Harrison Burns’ artist statement:
“I loose the literal television image through the process from slide to stencil to canvas. The time lapse helps. By the time I put the stencil on the canvas I no longer remember its origin. I am only with color. It is becoming a painting not a reproduction of a television image.
Horror, science fiction and political images continue to enthrall me. It’s the exaggeration that impels me, I think. A certain but general paranoia is involved as well as darkness. It is a darkness and mystery that we locate in Goya’s last works. How exciting “to see a giant spider on the side of a skyscraper”. For example, it is surrealistic. Could this also be a symbol of Red China, Russia, Communism, Nixon, conservative right wingers, etc – deep-seeded fears or is it even more cosmic.

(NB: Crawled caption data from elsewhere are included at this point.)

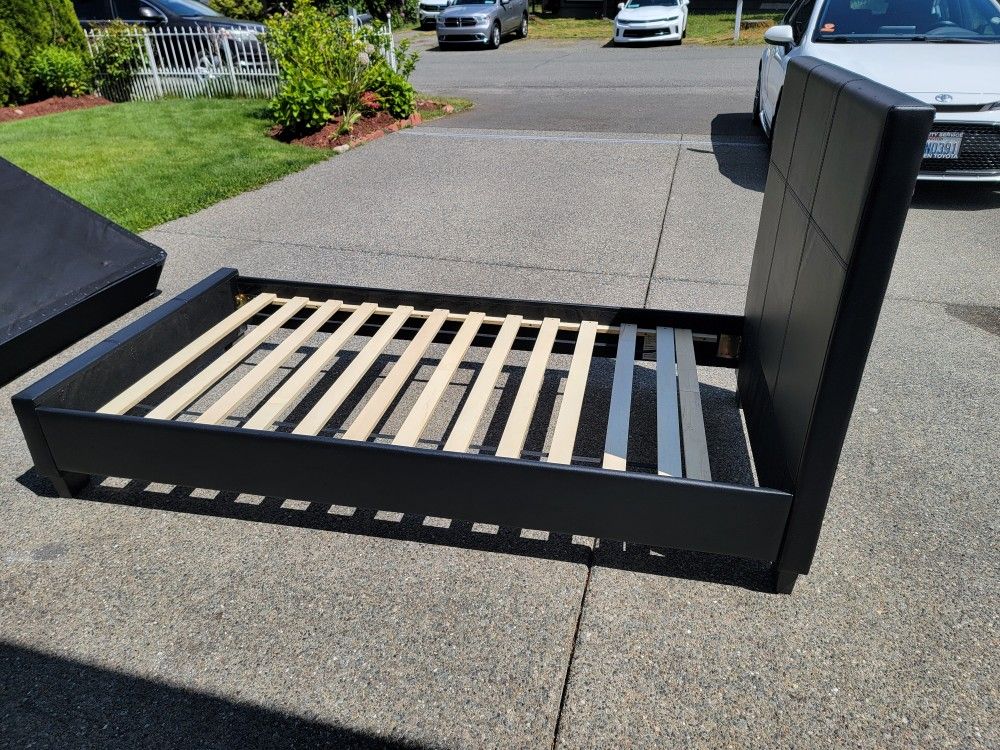 Twin Bed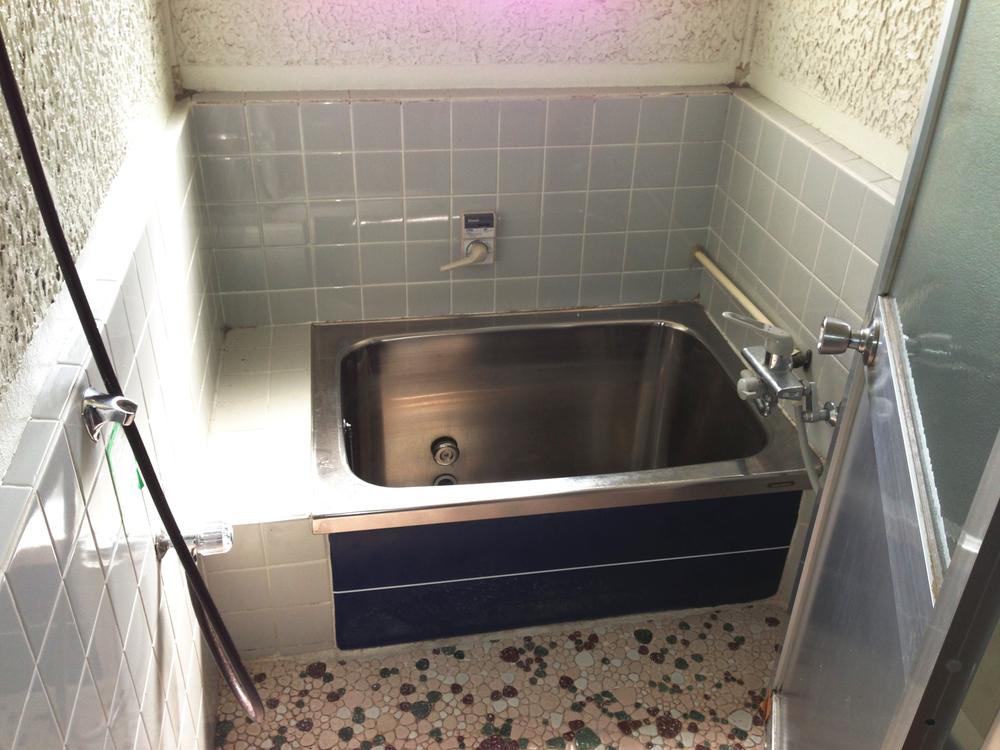 Bathroom. Room (May 2013) Shooting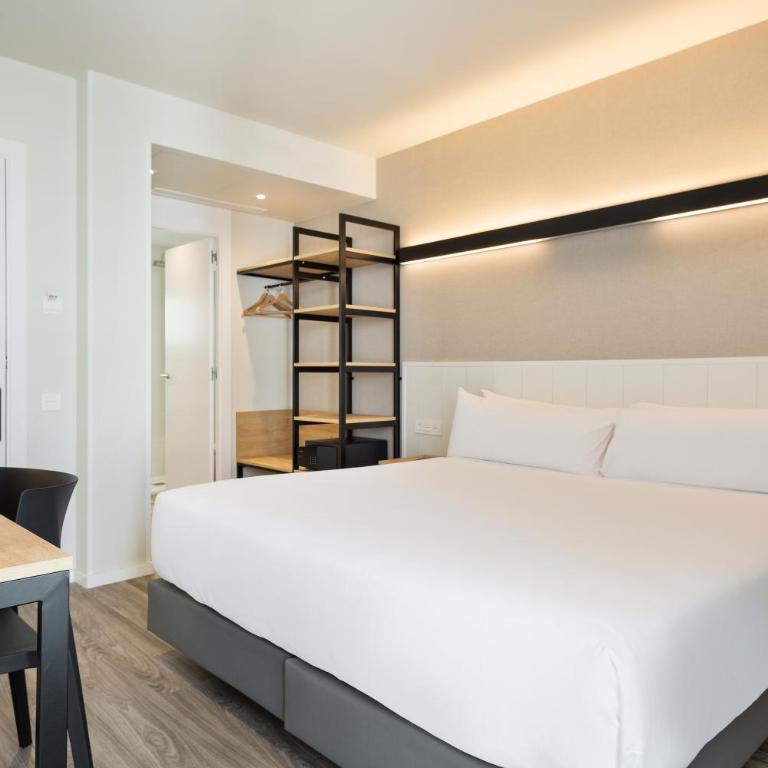 Acta BCN 40 - Superior Double or Twin Room - 2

I want to “draw-out” a universality from the images I choose to paint. Is there a television iconography?
The television image, as a basis, gives me a greater range in which to wander and explore. It is non-inhibitive in terms of color, form, light and space. I resist anything that predicates any other system.

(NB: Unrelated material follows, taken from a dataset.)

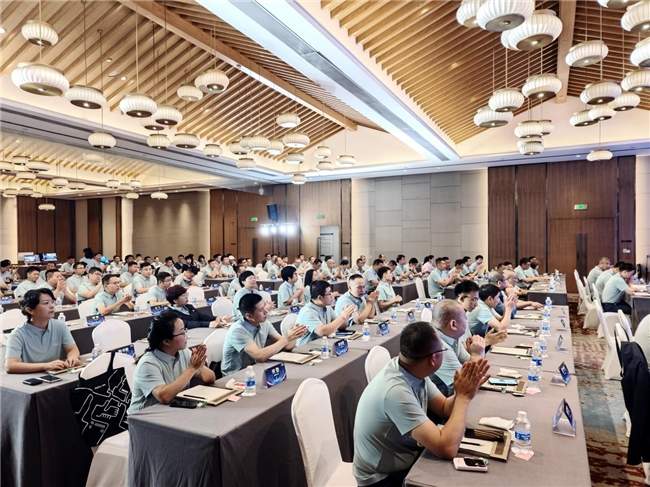 AI赋能显示行业｜飞利浦2025战略全攻略(图2)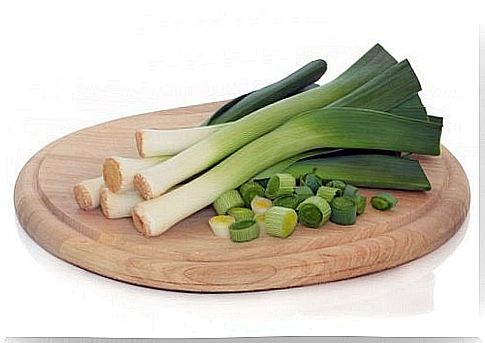 Leek on a wooden tray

I often feel the magic in the television image. I find in it a peculiar and mystical quality.
The television image has an inherent universality.

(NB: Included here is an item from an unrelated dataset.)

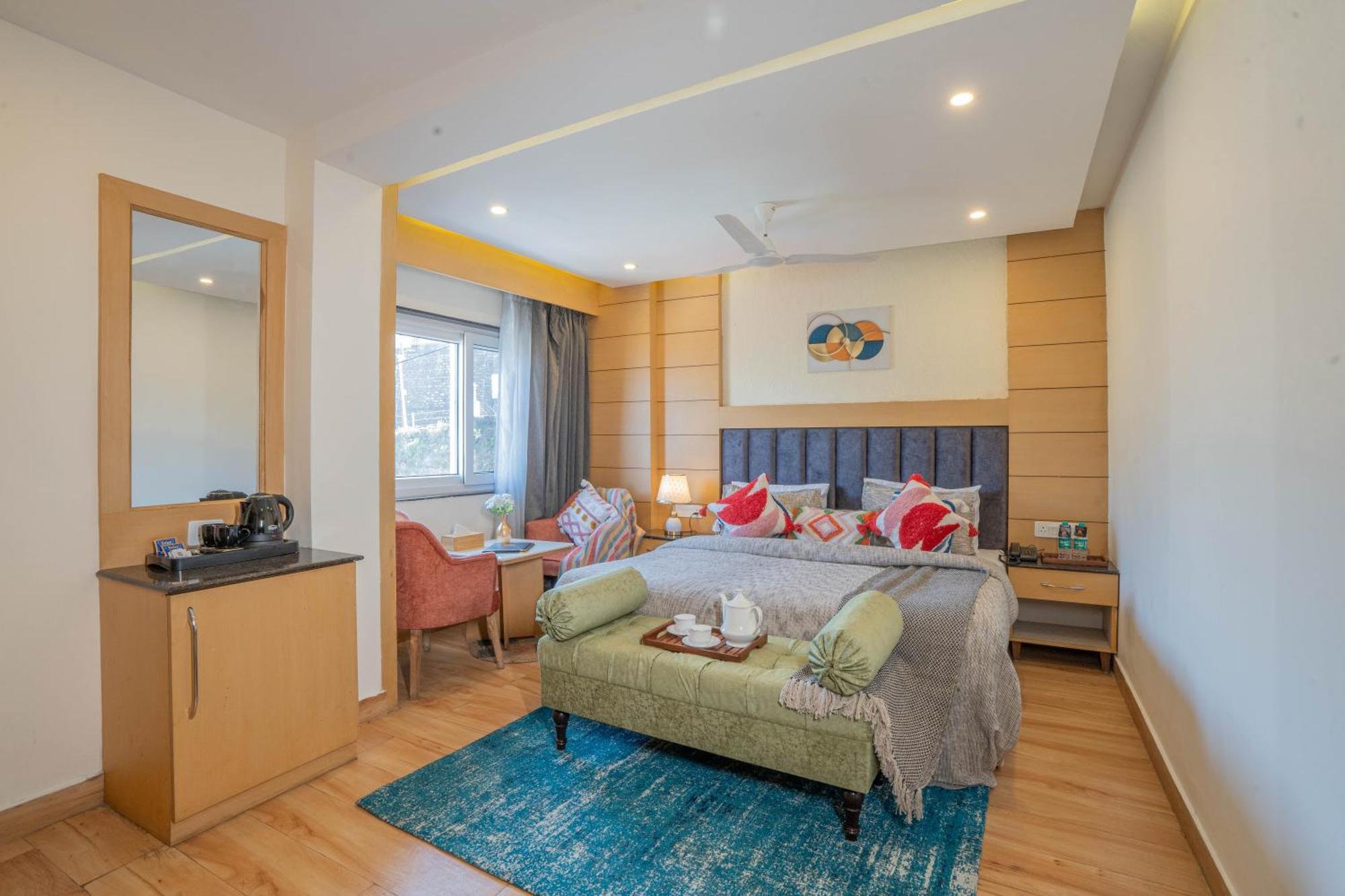 Perfectstayz Premium At Mall Road Mussoorie Esterno foto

Through the manner in which I paint, there is a certain distance to color. With this distance I have more control with color and therefore, at times, achieve brilliant color relationships. I revel in color. Using color is a celebration.
I continually return to grays. I have a keen sensitivity to tonality. This, I’m sure, is because of my color confusions (the red/green spectrum). Although this problem rarely impairs my color use. Using grays, though, seems to “ground” my forms – this is good – like building a foundation, a basis.
I often remember Goya’s Horror of War series. My painting “Executions in Iran” is my homage to Goya’s “5th of May” painting. It is just updated and in my style. Horror images in some strange, exaggerated and abstracted manner mirror the good and evil in man. What is monstrous?
I enjoy taking an image, such as my “Piédad” and do, systematically, a distinctly different painting of the same image with every range of gray, blue, yellow, red, green, purple and orange. Then I take each a step further by blurring, splitting, fragmenting and abstracting the image. Somehow finishing the series making collages with the very materials that made the paintings creates a finality, a cycle.”